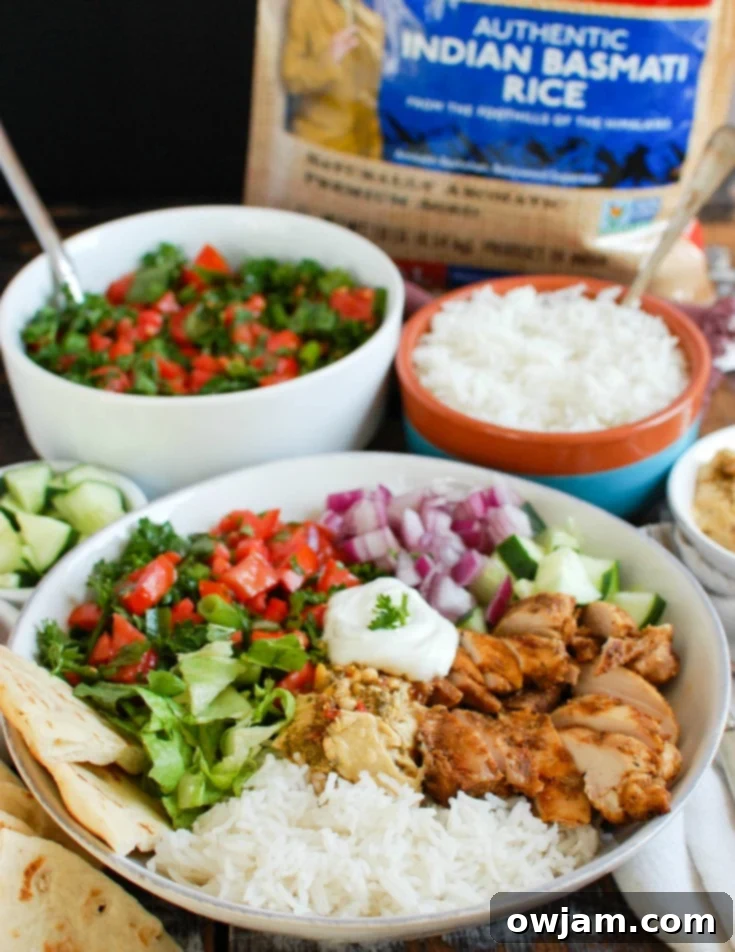 Homemade Chicken Shawarma Recipe 3 Close-up of Chicken Shawarma with Basmati Rice and Tabbouleh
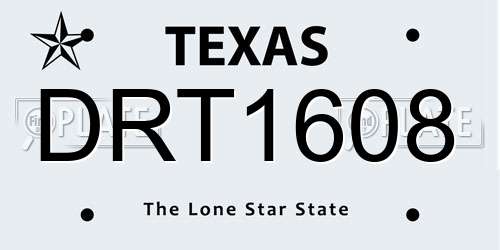 DRT1608 Texas License Plate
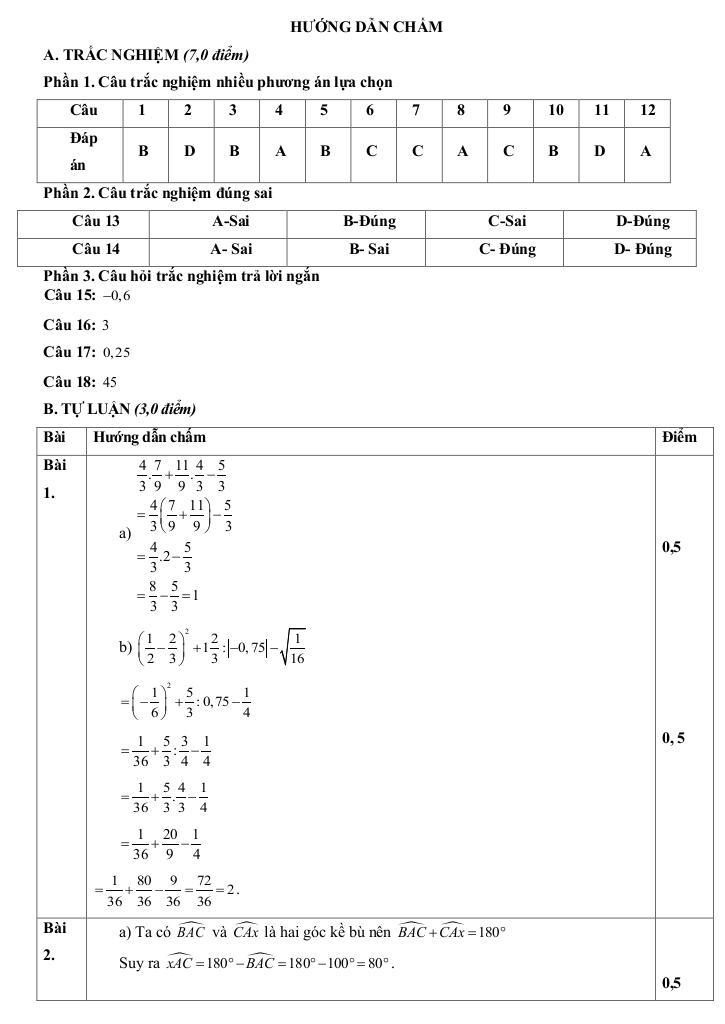 đề giữa học kì 1 toán 7 năm 2025 – 2026 trường thcs thanh miện – hải phòng 8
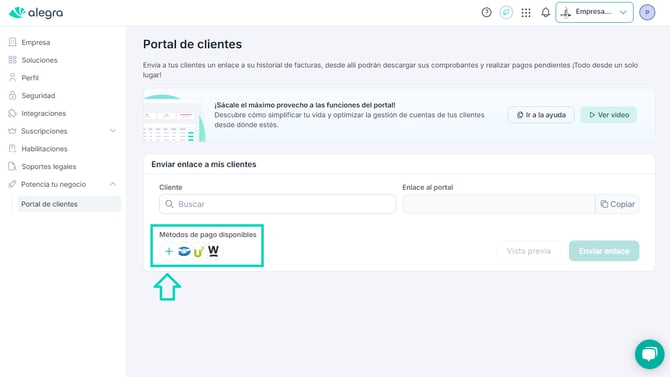 Configurar métodos de pago en el Portal Alegra COL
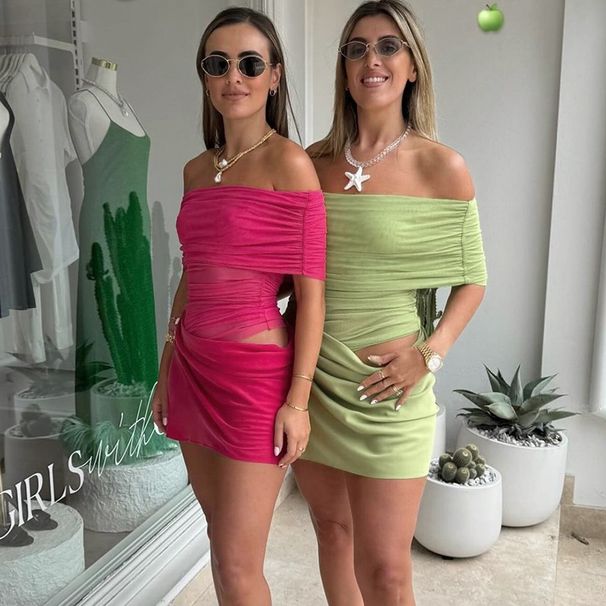 European And American Fashion Off-Shoulder Mesh Hollowed out Pleated Waist Short Dress for Women Spring/Summer Trend Wholesale_ecoleips.com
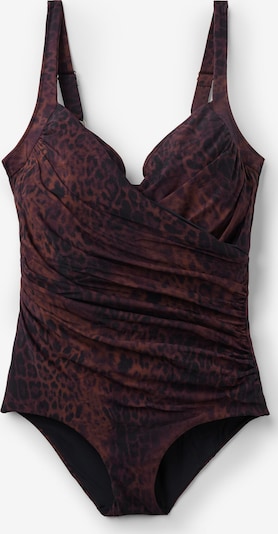 CALZEDONIA Shapingbadeanzug 'Dark Animalier' in braun / schwarz, Produktansicht
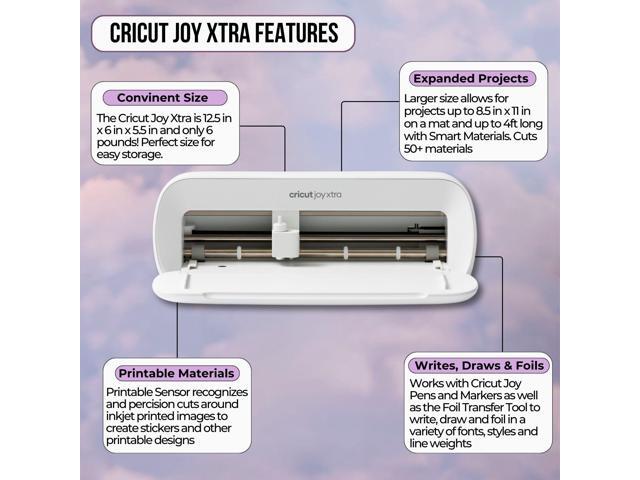 Cricut Joy Xtra with Smart Vinyl Rolls, Transfer Tape and Weeding Tool Beginner Bundle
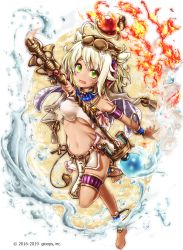 Rule 34 | 1girl, ahoge, akino coto, animal ears, ankh, anklet, armlet, bandeau, barefoot, blonde hair, blush, bracer, breasts, dark-skinned female, dark skin, egyptian, eye of horus, fang, fire, full body, hair ornament, highres, holding, holding staff, jewelry, lion ears, lion tail, looking at viewer, medium breasts, navel, necklace, official art, open mouth, original, pelvic curtain, short hair, solo, staff, strapless, swept bangs, tail, tattoo, thighlet, transparent background, water, watermark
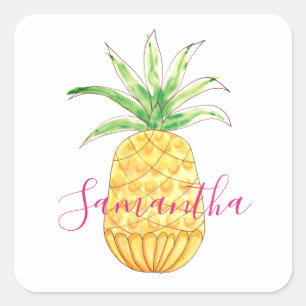 Personalized Pineapple Square Sticker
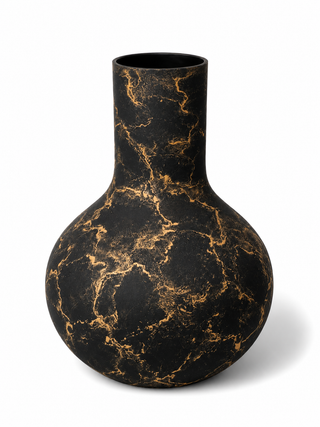 Terroso® Kaja - Handgemaakte Glazen Vaas - Bloemenvaas - Zwart Mat - Interieur Woondecoratie - 35 cm Hoog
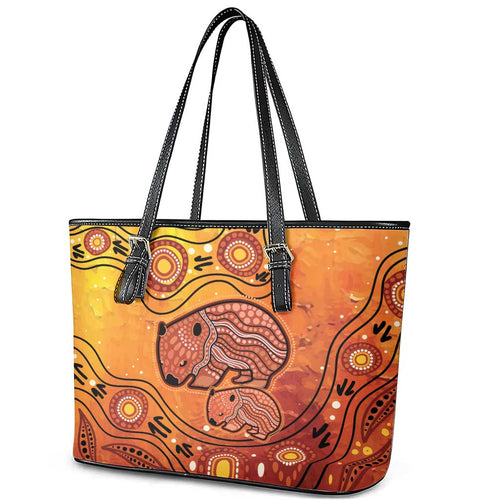 Australia Wombat Leather Tote Bag Indigenous Art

ACTIVITY |
Transcribe exactly, and without any pictures, each line from the one that holds "Cricut Joy Xtra" through the final line of the material above.

WRITTEN ANSWER |
 Cricut Joy Xtra with Smart Vinyl Rolls, Transfer Tape and Weeding Tool Beginner Bundle
 Rule 34 | 1girl, ahoge, akino coto, animal ears, ankh, anklet, armlet, bandeau, barefoot, blonde hair, blush, bracer, breasts, dark-skinned female, dark skin, egyptian, eye of horus, fang, fire, full body, hair ornament, highres, holding, holding staff, jewelry, lion ears, lion tail, looking at viewer, medium breasts, navel, necklace, official art, open mouth, original, pelvic curtain, short hair, solo, staff, strapless, swept bangs, tail, tattoo, thighlet, transparent background, water, watermark
 Personalized Pineapple Square Sticker
 Terroso® Kaja - Handgemaakte Glazen Vaas - Bloemenvaas - Zwart Mat - Interieur Woondecoratie - 35 cm Hoog
 Australia Wombat Leather Tote Bag Indigenous Art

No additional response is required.